Through the windshield I saw the mark of these ghettos—the abundance of beauty shops, churches, liquor stores, and crumbling housing—and I felt the old fear. Through the windshield I saw the rain coming down in sheets.

A little girl wanders home, at age seven, after being teased in school and asks her parents, “Are we niggers and what does this mean?”

4. Normal People by Sally Rooney

The acclaimed novel by the very young Irish writer. The dialogue simmers with authenticity and, in these exchanges between the few main characters, you are taken along in a basic growing-up-and-going-to-college story. The novel has an addictive quality.

Not for the first time Marianne thinks cruelty does not only hurt the victim, but the perpetrator also, and maybe more deeply and more permanently. You learn nothing very profound about yourself simply by being bullied; but by bullying someone else you learn something you can never forget.

He’s aware that he could have sex with her now if he wanted to. She wouldn’t tell anyone. He finds it strangely comforting, and allows himself to think about what it would be like. Hey, he would say quietly. Lie on your back, okay? And she would just obediently lie on her back. So many things pass secretly between people anyway. What kind of person would he be if it happened now? Someone very different? Or exactly the same person, himself, with no difference at all.

There’s always been something inside her that men have wanted to dominate, and their desire for domination can look so much like attraction, even love.

5. The Fifth Risk by Michael Lewis

A brisk, informative, unadorned tour through the disastrous first few months of the Trump Presidency, overseen by one ignoramus after the other.

6. Lying by Sam Harris

A short e-book that makes the case for never lying, inclusive of white lies. I found it interesting, as always with Harris, but not totally convincing.

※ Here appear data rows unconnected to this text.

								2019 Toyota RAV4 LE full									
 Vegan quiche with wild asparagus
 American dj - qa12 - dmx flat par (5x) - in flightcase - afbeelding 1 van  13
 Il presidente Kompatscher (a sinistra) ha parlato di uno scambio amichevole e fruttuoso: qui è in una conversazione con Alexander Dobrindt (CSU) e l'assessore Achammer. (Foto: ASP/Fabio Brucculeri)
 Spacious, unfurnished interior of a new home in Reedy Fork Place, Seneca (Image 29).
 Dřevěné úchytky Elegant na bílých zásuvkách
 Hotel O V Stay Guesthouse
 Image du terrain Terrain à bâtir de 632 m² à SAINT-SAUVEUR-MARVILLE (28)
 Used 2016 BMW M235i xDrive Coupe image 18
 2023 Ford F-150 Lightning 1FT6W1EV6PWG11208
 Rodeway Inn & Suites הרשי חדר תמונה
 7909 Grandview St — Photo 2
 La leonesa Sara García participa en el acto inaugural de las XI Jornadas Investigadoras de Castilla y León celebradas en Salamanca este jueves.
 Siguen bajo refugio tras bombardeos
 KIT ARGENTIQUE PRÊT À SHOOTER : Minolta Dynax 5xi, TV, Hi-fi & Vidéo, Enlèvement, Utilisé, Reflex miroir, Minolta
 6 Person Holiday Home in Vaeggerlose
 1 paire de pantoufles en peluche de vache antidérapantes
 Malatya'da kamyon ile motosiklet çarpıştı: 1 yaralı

Book Review: An American Marriage

“Everyone who reads novels has read An American Marriage,” she told me. I guess I’m behind, I thought.

So I downloaded the book on my Kindle, and got hooked. When I finished the book a couple weeks later, I stared off into the distance for about a full minute. Which I guess in the sign that something really sunk in.

It’s a wonderful story, compellingly told from different viewpoints. The primary theme is marriage and its discontents (and contents). Other themes include criminal justice and wrongful imprisonment (the main character Roy, wrongfully accused of rape) and the colors of the American South. The writing is straightforward but often beautiful.

A good chunk of the book is told via letters, sent from prison, between husband and wife. It’s an incredibly effective technique for conveying the intimacy of love — and doubt.

The final letter contains my favorite line: “My prayer for you is for peace, which is something you have to make. You can’t just have it.”

Other highlighted sentences below. Highly recommended.


Still, the truth is that there was nothing extra. If my childhood were a sandwich, there would be no meat hanging off the bread. We had what we needed and nothing more.

It was a wonderful feeling to be grown and yet young. To be married but not settled. To be tied down yet free.

“November 17,” I said before she could complete her thought. Other couples use safe words to call a time-out from rough sex, but we used it as a time-out from rough words. If either of us says “November 17,” the anniversary of our first date, then all conversation must cease for fifteen minutes. I pulled the trigger because I knew that if she said one more word about my mama, one of us would say something that we couldn’t come back from. Celestial threw up her hands. “Fine. Fifteen minutes.”

One of the hurdles of adulthood is when holidays become measuring sticks against which you always fall short. For children, Thanksgiving is about turkey and Christmas is about presents. Grown up, you learn that all holidays are about family, and few can win there.

But a man who is a father to a daughter is different from one who is a father to a son. One is the left shoe and the other is the right. They are the same but not interchangeable.

As I watched her walk away, I made note of everything about her that I didn’t admire. I ignored the devotion that she wore like a cape, I paid no heed of her strength or hardworking beauty. I sat there thinking of all I didn’t love about her, too angry to even say good-bye.